***** SOURCE DATA
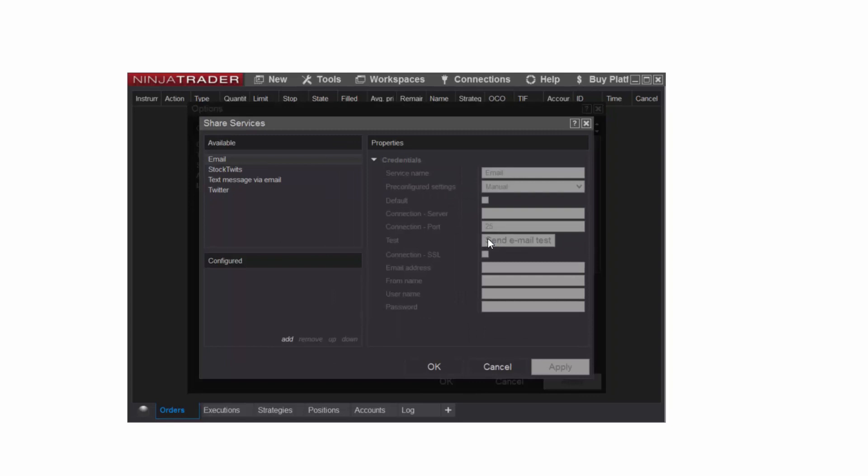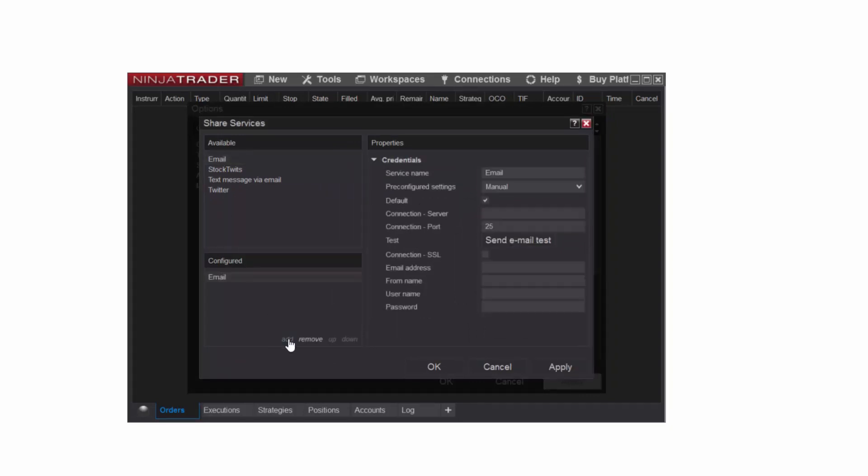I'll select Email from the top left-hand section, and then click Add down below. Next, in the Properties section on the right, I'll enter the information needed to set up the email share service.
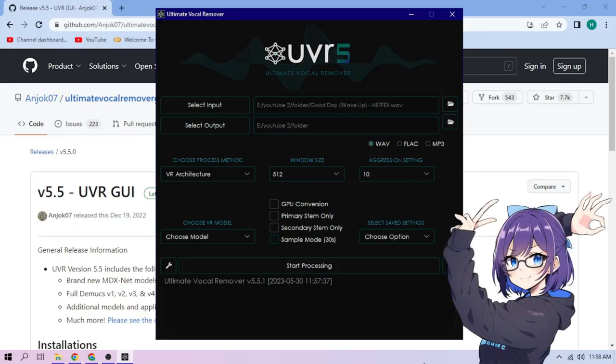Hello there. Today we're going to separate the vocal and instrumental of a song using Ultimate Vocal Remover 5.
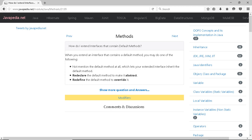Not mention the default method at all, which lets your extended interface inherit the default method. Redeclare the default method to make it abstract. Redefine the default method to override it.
**********
***** SOURCE DATA
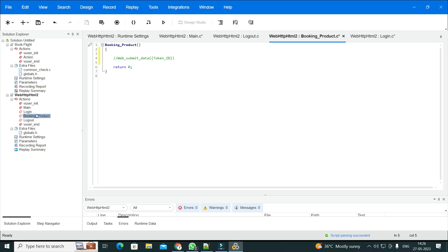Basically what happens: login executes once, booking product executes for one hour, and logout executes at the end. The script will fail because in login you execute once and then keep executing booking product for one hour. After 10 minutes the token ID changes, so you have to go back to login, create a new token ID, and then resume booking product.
**********
- [WORK REQUEST]
Repeat, without pictures, exactly the lines of the data above from the one containing "Hello there. Today" through the one containing "Not mention the", including both and adding nothing.

- [ANSWER TO THIS PROBLEM]
Hello there. Today we're going to separate the vocal and instrumental of a song using Ultimate Vocal Remover 5.
Not mention the default method at all, which lets your extended interface inherit the default method. Redeclare the default method to make it abstract. Redefine the default method to override it.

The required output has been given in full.